How do you engender trust among those people that your client serves and make them feel you are right there, ready to serve, and working side by side with your manager?
As a virtual assistant, you probably already work on a schedule of hours that closely matches the time zone where your client’s firm is based. The element of working “on grid” helps to lessen the feeling or suspicion that you may not be in the cubicle nearby.
Be conscientious when you send emails, shoot out texts, or place a phone call. Be aware of the time zones you are contacting. While it may be 3 PM for you, it’s 5 AM in sunny California – and the sun certainly has not woken up there yet! Likewise, though you may be hitting the ground running at 8 AM on project-based work, your client is likely fast asleep. That SMS is going to have to wait several hours for you to get that information you need.
Be responsive. Check your emails frequently and be at the ready. Depending on the field, some industries have a baseline expectation of executive and administrative assistants to be quick on the uptake and ready to handle those last-minute requests, appointment bookings, or cancellation communications. The more present you are, if that is an expectation, the more calm and confidence you imbue.
Remember you are an extension of your client – their second voice. Again, depending on the industry, people do expect executive assistants to be busy with many concurrent tasks. However, they are also accustomed to indefatigable service and accessibility. Case in point, back in my temp days, I was working for a high net worth private banking firm as a long-term temporary receptionist. I was expected to prepare 15 sets, 20 pages each, double-sided, collated and stapled in the copy room in the back, plus make the coffee (cup by cup in the pod machine) and serve it with arranged cookies on china dishware in the front conference room to our multi-million dollar clients for their ten o’clock meeting with our principal while never once letting the phone ring more than three times. That phone was on my desk 300 feet away. And if one of the five priority lines rang, it could ring only twice! Keep in mind, this was long before the advent of Bluetooth headsets! I kept that ringer volume up and made sure I could run FAST in those heels!
As a remote employee, you don’t have quite that level of expectation from your immediate client, but their clients may become irritated if they get slow responses. Be mindful of how you use your breaks, time manage all of your clients, and rotate tasks.
Never tell your clients’ constituents that you work remotely. You must give the impression at all times that you are a unified front. You are part of their brand. You belong to them. This requires a lot of skill and ability to do abrupt “costume changes”. For one client, you are in New York. For another, in London. For another, in California.

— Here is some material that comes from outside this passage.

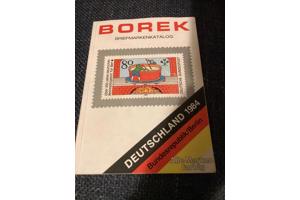 Borek briefmarkenkatalog Deutschland 1984 BRD Duitsland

Adding to that, try to get “inside” the local culture a bit of where your clients’ customers and colleagues are located. This may not work for everyone, but if you happen to be good with accents, and genuinely so (never put a fake accent on!) psychologically speaking, that customer is going to feel a whole lot more connected to you if you sound a bit like them. Barring the skill for actual accents, at least try to stay abreast of some regional and local basics. Even knowing the local weather for the day, or learning something about the area restaurants to suggest meetings can go a long way. Listen for patterns. If one of the people you interact with consistently recommends meetings at ABC Coffee House, the next time you are booking, ask, “ABC Coffee will work well for you?” or “I heard ABC is closed for renovations this week. Does Coffee Nut work instead?”
Finally, learn your client and those in his or her purview well. Build rapport. Take the extra time to make everyone feel valued. You need to forget you are a VA, too. You have to place yourself in your mind’s eye sitting right down the hall from your boss. A client could walk in at any moment and need your attention or help. You may need to make that small-talk while your manager ties up that phone call and needs a few minutes before the meeting can start. This is the kind of mindset that will help people completely forget that you are far away at all.